Pour vous parler de ce même processus d'évaluation neuropsychologique, j’aimerais commencer par explorer à quoi sert un bilan neuropsychologique. En réalité, un bilan neuropsychologique est un outil à une fin et pas un divertissement.
L'évaluation neuropsychologique peut assumer diverses fonctions, notamment l'exploration du fonctionnement cognitif (les pensées), émotionnel et comportemental en faisant le lien avec le fonctionnement cérébral de la personne. Non, il n'est pas nécessaire de voir votre cerveau, mais le faire travailler à travers des tests standards (c'est-à-dire bien étudiés) et des entretiens cliniques approfondis. Ces bilans peuvent servir à :
Objectiver des troubles cognitifs, comme c'est le cas des difficultés de mémoire, d'attention et des fonctions exécutives. Ces mesures permettent de quantifier les difficultés.
Aider au diagnostic différentiel en apportant de l'information sur le fonctionnement du cerveau. Il est possible de distinguer entre une atteinte acquise ou neurodéveloppementale (depuis la naissance) pour mieux informer un potentiel diagnostic.
Évaluer l’impact fonctionnel, notamment d’estimer comment les difficultés évaluées peuvent interférer avec la vie quotidienne de la personne. Cette partie de l'évaluation a pour but d'adapter la prise en charge, de conseiller la famille et la personne, et d'évaluer la capacité de la personne.
Suivre l'évolution et l'efficacité d'une prise en charge, même que ces évaluations soient moins fréquentes dans le suivi en libéral, il est aussi possible de vérifier l'impact d'une chirurgie, médicament ou prise en charge.
Indépendamment de leur fonction, il est important que chaque évaluation neuropsychologique assume une approche globale, en évaluant les émotions, la motivation, le comportement, mais aussi le contexte de la personne, pour mieux comprendre la cognition et la personne dans son ensemble. J’ai appris que certains de mes patients appellent cette approche d’évaluation 360° et que cela était ma marque personnelle. Au final, même quand je veux, je ne sais pas faire simple.
Avant d'aborder le processus d'évaluation neuropsychologique, il est important de mentionner une erreur que je vois constamment. C'est l'erreur de passer des tests et de se fier uniquement aux chiffres. J'ai l'habitude de dire que les chiffres ne parlent pas seuls. Il faut leur donner de la matière et pour cela, il est obligatoire d'investiguer l'histoire de vie de la personne. Imaginez-vous bien qu'un test de la mémoire peut donner les mêmes chiffres à une personne qui est dyslexique ou une personne qui a eu un traumatisme crânien. Les chiffres sont les mêmes, mais l'interprétation n'est pas la même et cela change en fonction du récit de l’information recueille. Maintenant que j'ai mis tout le monde en garde, il est important important de revenir au processus.

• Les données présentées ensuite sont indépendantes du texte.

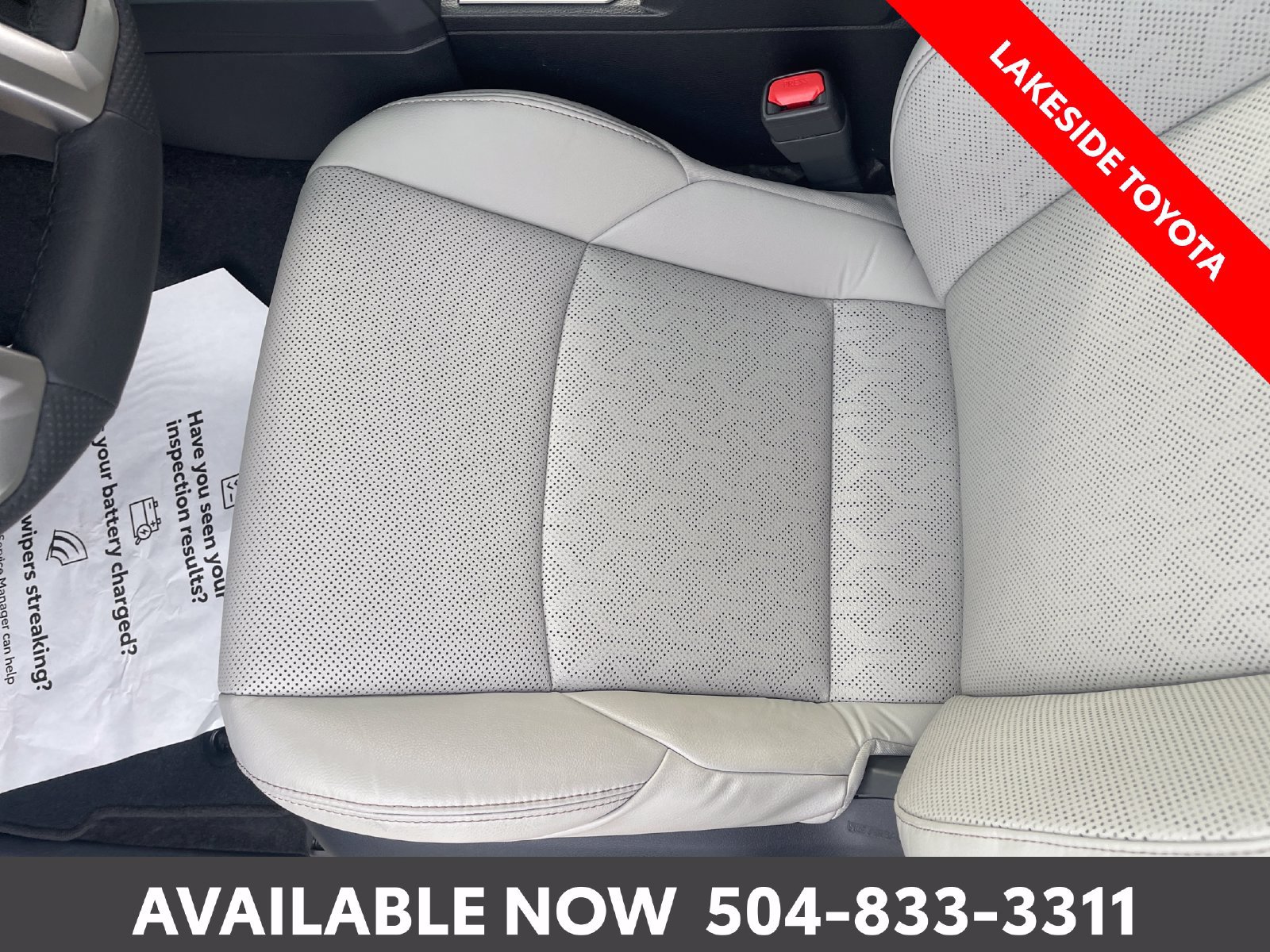 Certified 2026 Toyota Tacoma Limited AWD/4WD image 30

L'évaluation neuropsychologique peut être divisée en cinq étapes, notamment le (1) premier rendez-vous, la (2) passation des tests, la (3) cotation et analyse des résultats, la (4) restitution des résultats et la (5) prise en charge et/ou aménagements.

Le premier rendez-vous sert à faire connaissance avec la personne, sa demande et son profil quotidien. Lors de ce rendez-vous, lequel peut être divisé en divers moments, le neuropsychologue posera des questions pour mieux comprendre divers sujets (ex : histoire de famille, histoire clinique, scolarité, travail, liens sociaux, gestion quotidienne). Lors de ce premier rendez-vous, le neuropsychologue a commencé à réaliser un diagnostic différentiel. C'est à savoir qu'il pose des questions pour écarter des possibilités. Il ne se focalise pas sur une condition, mais pose diverses questions pour retenir que quelques (ou une) hypothèses. Cette hypothèse est alors associée au profil de la personne (ex : âge, demande, troubles médicaux et/ou physiques associés) pour déterminer les tests et outils à utiliser. Les tests à utiliser sont, parfois, recommandés par les institutions de santé (ex : Haute Autorité de Santé), mais il peut avoir une certaine liberté dans le choix.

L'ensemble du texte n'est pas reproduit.